Task goal -
Please repeat word for word the line containing "ladies bracelet engraved" and every following line up to and including the last one below, pictures excluded.

Information shown -
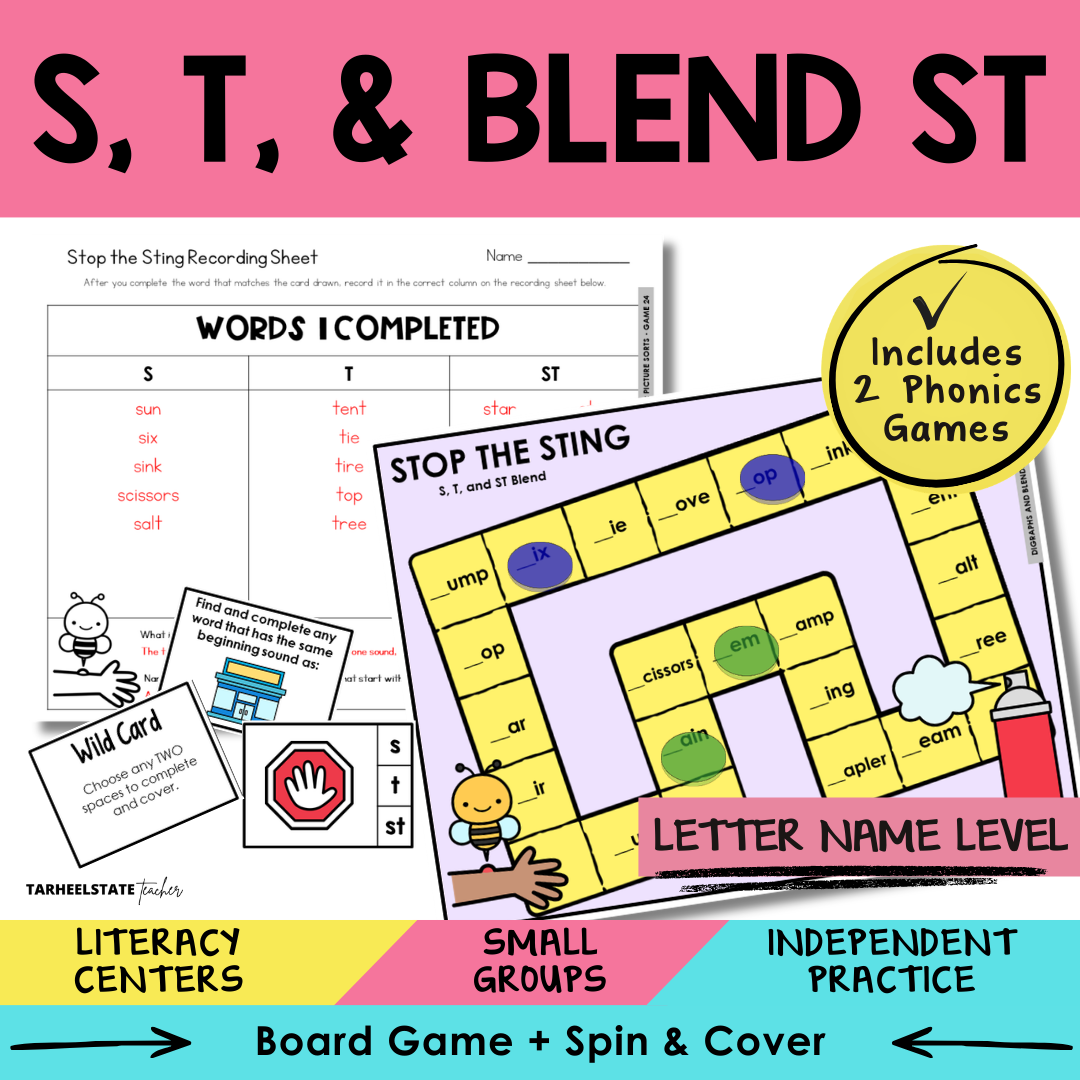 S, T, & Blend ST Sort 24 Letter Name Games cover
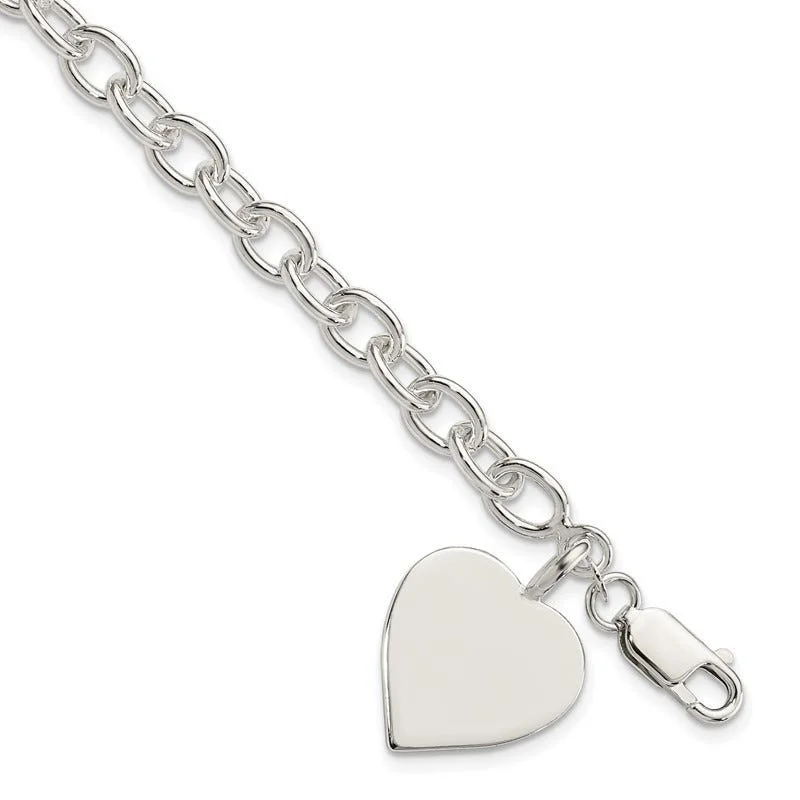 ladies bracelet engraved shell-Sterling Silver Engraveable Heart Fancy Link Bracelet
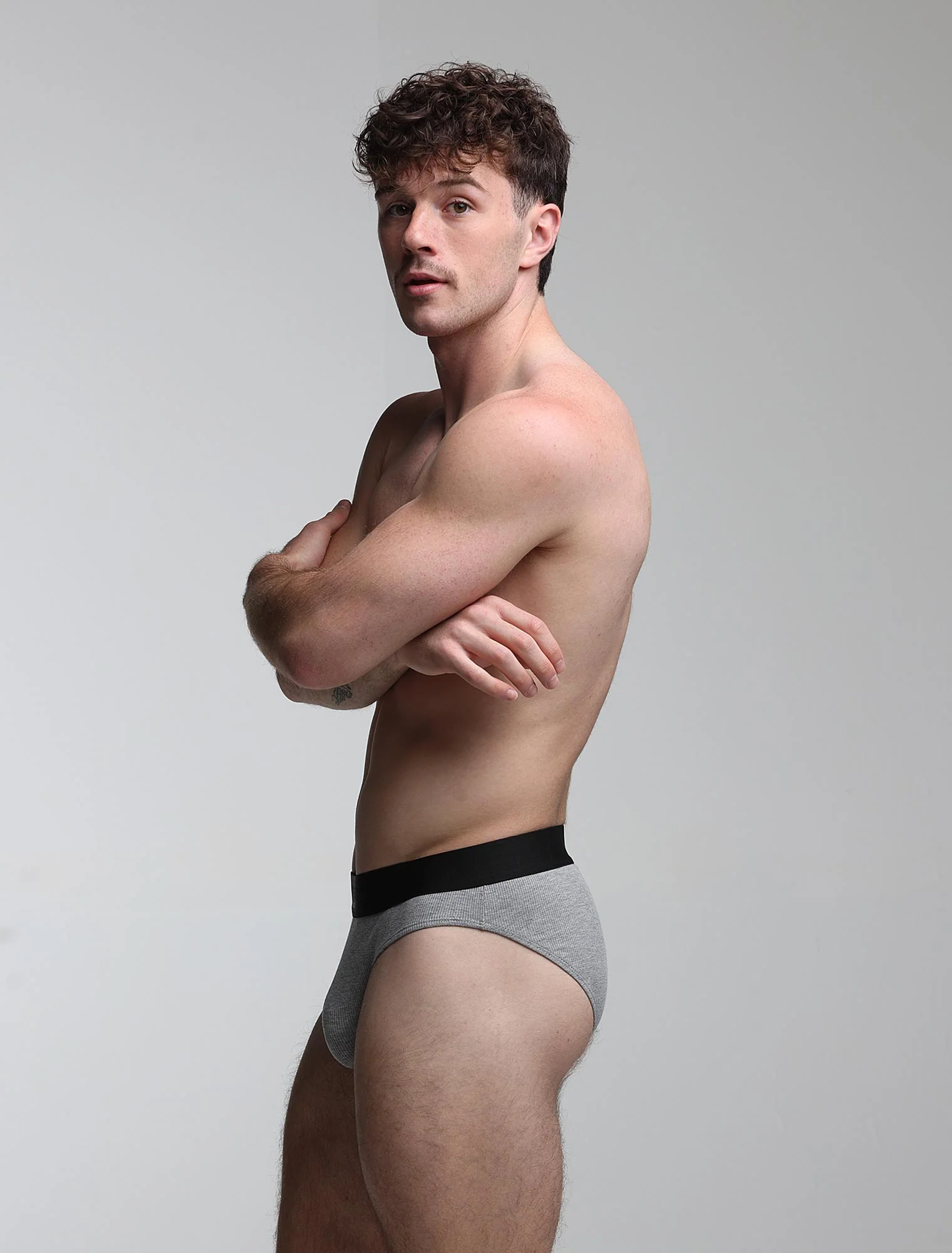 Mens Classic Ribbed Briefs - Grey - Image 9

Result -
 ladies bracelet engraved shell-Sterling Silver Engraveable Heart Fancy Link Bracelet
 Mens Classic Ribbed Briefs - Grey - Image 9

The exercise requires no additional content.